I don't want to be an alarmist but I recently experienced the same thing on my center vent cover - it was stuck open. I tried the same things you did to no avail and even checked VagCom codes on the AC system, also to no avail. Mine is under CPO so I just took it to my local VW dealer assuming it would be a "trivial" repair. Wrong. They had the car for nearly a month and spent an enormous number of hours. The center blind now opens and closes when the car starts/stops but I'm not sure it will close to provide indirect ventilation as designed. They ended up replacing about 3 of the "flap" motors in the AC system as well as the controller. 

Hopefully your tech will be able to diagnose your problem more quickly and remedy it less invasively than in my case.

Keep us posted as this one intrigues me since my tech had such trouble. By the way VW Tech Services was also involved in my repair.


----------



## jimay (Aug 1, 2006)

*Vent doors*

Notice the oblong bump on the dash at the bottom center of the windshield (windscreen)?

It has two eyeballs in it (taken from baby seals, I think)

They watch the sun

When it's on the left, the left vents get extra air.

When it's on the right... you guessed it.

It's not extremely quick to adjust, so you might not think it's working. Until you get used to what these eyeballs do, those vents will cause much worry.
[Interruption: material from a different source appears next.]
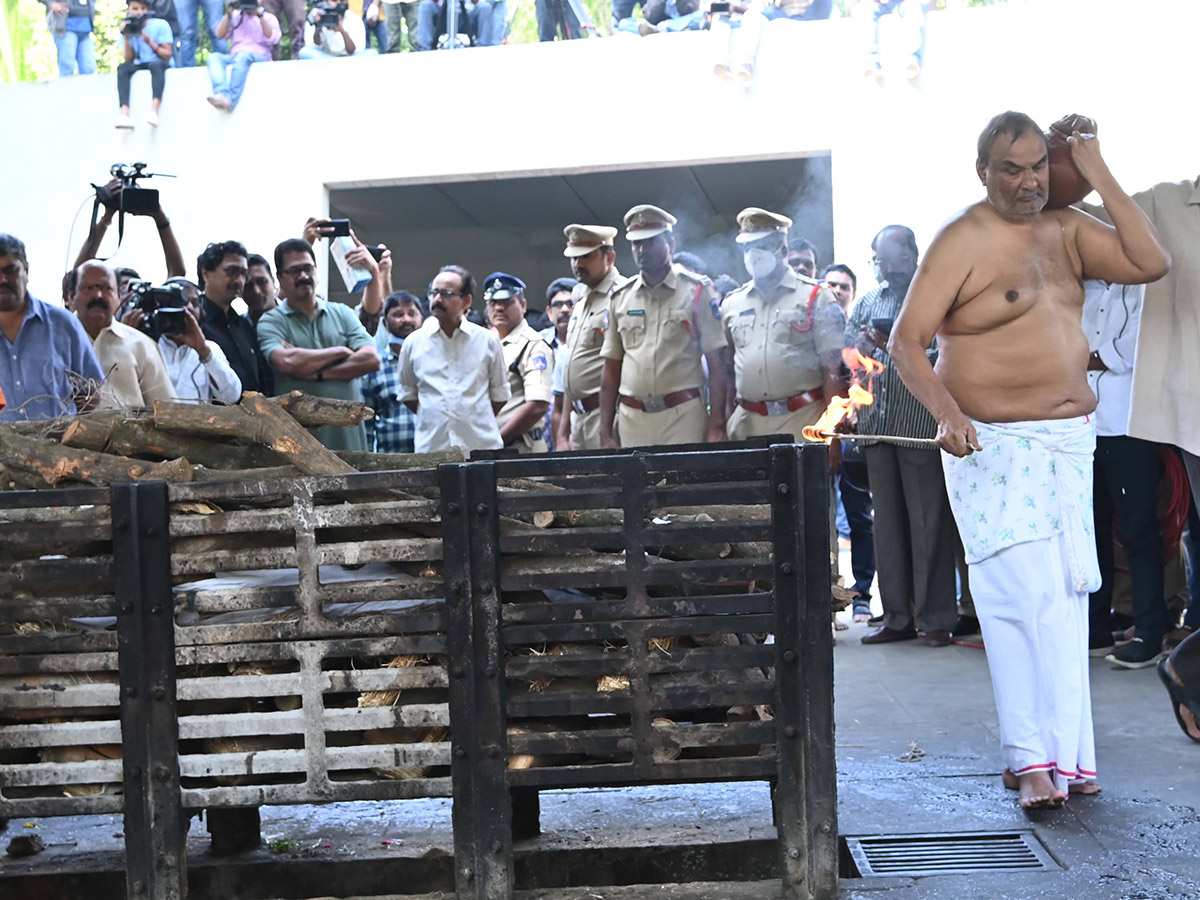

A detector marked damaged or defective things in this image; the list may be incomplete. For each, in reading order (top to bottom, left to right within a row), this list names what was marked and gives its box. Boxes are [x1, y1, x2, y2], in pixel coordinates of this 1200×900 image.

rusty metal post [112, 482, 184, 900]
rusty metal post [768, 444, 835, 900]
If you're shutting the car off and the vents don't close, then I'd suggest you make a note to start worrying if it doesn't go away in a couple of days.

Mine had the right vent cover replaced during the CPO prior to my buying it and it doesn't exactly match the other wood. I wish the dealer understood how this stuff works before they replaced it.


----------



## 04phaeton (Feb 19, 2009)

My front passenger vent had the same issue - would stay open.

I had the motor replaced under warranty about 2-3mths ago but as soon as I left the dealership, it stopped working again.

I just brought it in for an oil change and as it turns out, the center vent has to be replaced as well since the mechanism is connected to the passenger vent and both need to be replaced to work.

I'll be getting that done in the next couple of weeks and will keep you guys posted.


----------



## calmone (Feb 15, 2006)

i was at the dealer to get a price on a door handle replacement (i suspect it got broken because somone pulled hard on it trying to break into the car, hopefully insurance will cover most of it's $525 cost) and asked about the vent. the tech said replace the motor ($325).

and so it goes.


----------



## ct boy (Jun 18, 2010)

Hi

Similar issues here. My passenger side vent opens and closes paradoxically. That is, it opens when the others are closed and closes when the others are open. The motor works fine, just in reverse. No VAG-COM error codes thrown. Drivers side usually works OK, but sometimes only opens/closes part way. Dealer (of course) suggests replacement of the motor on both sides.

I have read here that this is a particular issue with 2004 models. Did they change the motor/design for 2005+ cars? If so, is the replacement motor also prone to malfunction? Do they replace it in a 2004 with an updated motor or is there a replacement 2004 motor and a different replacement motor for 2005+? 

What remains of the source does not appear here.